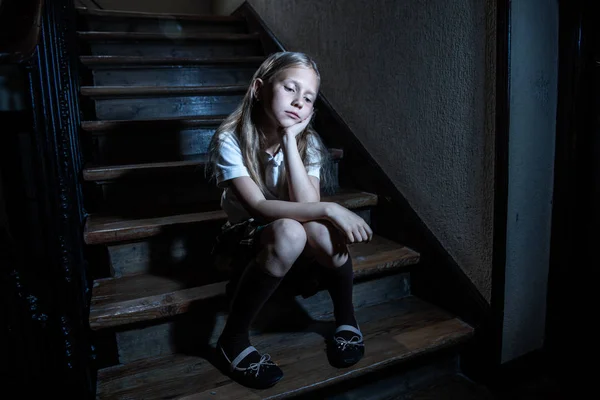 Λυπημένος Κατάθλιψη Δυστυχισμένος Μαθήτρια Που Πάσχουν Από Τον Εκφοβισμό Και — Φωτογραφία Αρχείου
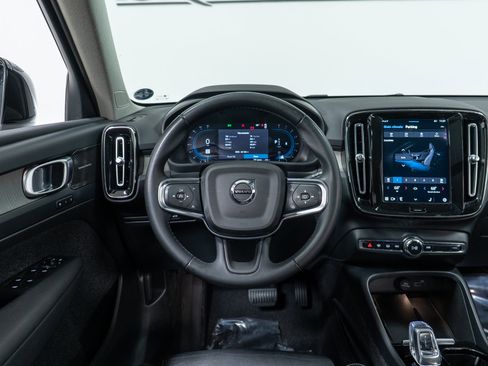 Used 2023 Volvo XC40 B5 Ultimate w/ Climate Package image 17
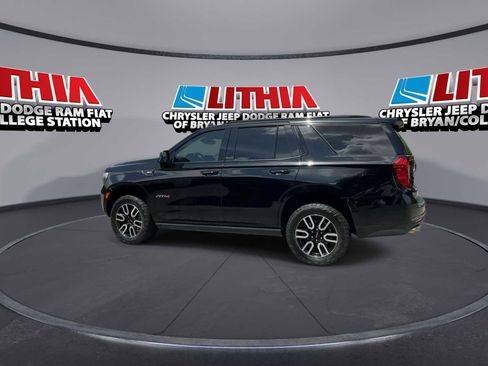 Used 2023 GMC Yukon AT4 w/ AT4 Premium Plus Package image 5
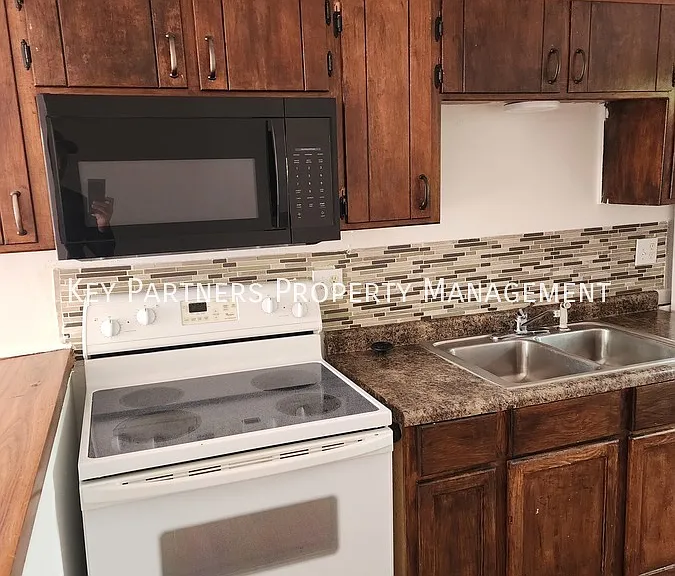 128 Warner Ave #3 — Photo 6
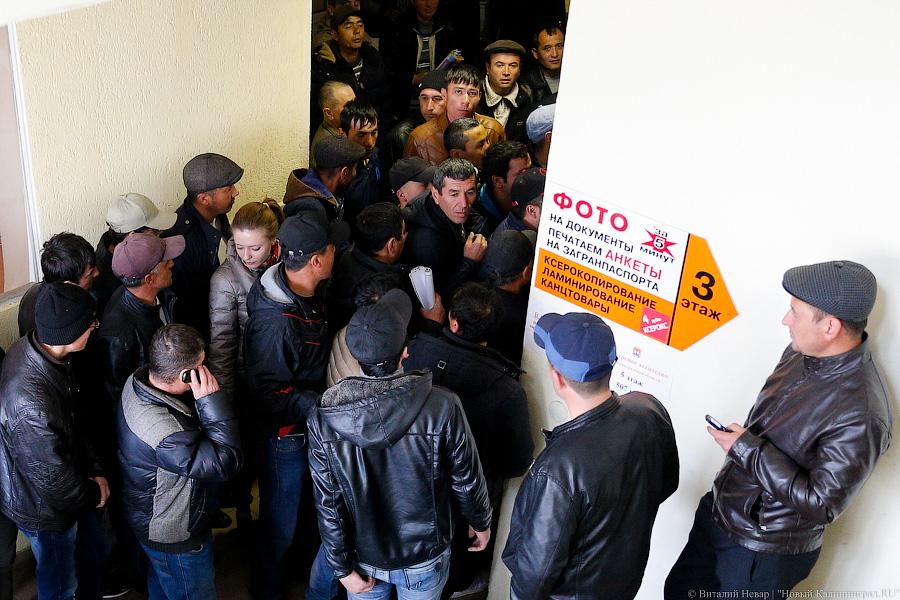 «За 1,5 тысячи — быстрее»: мигранты за сутки занимают очередь в УФМС (фото)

####

# Task details:
Pick up at the line that holds "Used 2023 Volvo" and restate each line, word for word, through the last line of the entries. Include both end lines but none of the pictures.

# Solution to this exercise:
 Used 2023 Volvo XC40 B5 Ultimate w/ Climate Package image 17
 Used 2023 GMC Yukon AT4 w/ AT4 Premium Plus Package image 5
 128 Warner Ave #3 — Photo 6
 «За 1,5 тысячи — быстрее»: мигранты за сутки занимают очередь в УФМС (фото)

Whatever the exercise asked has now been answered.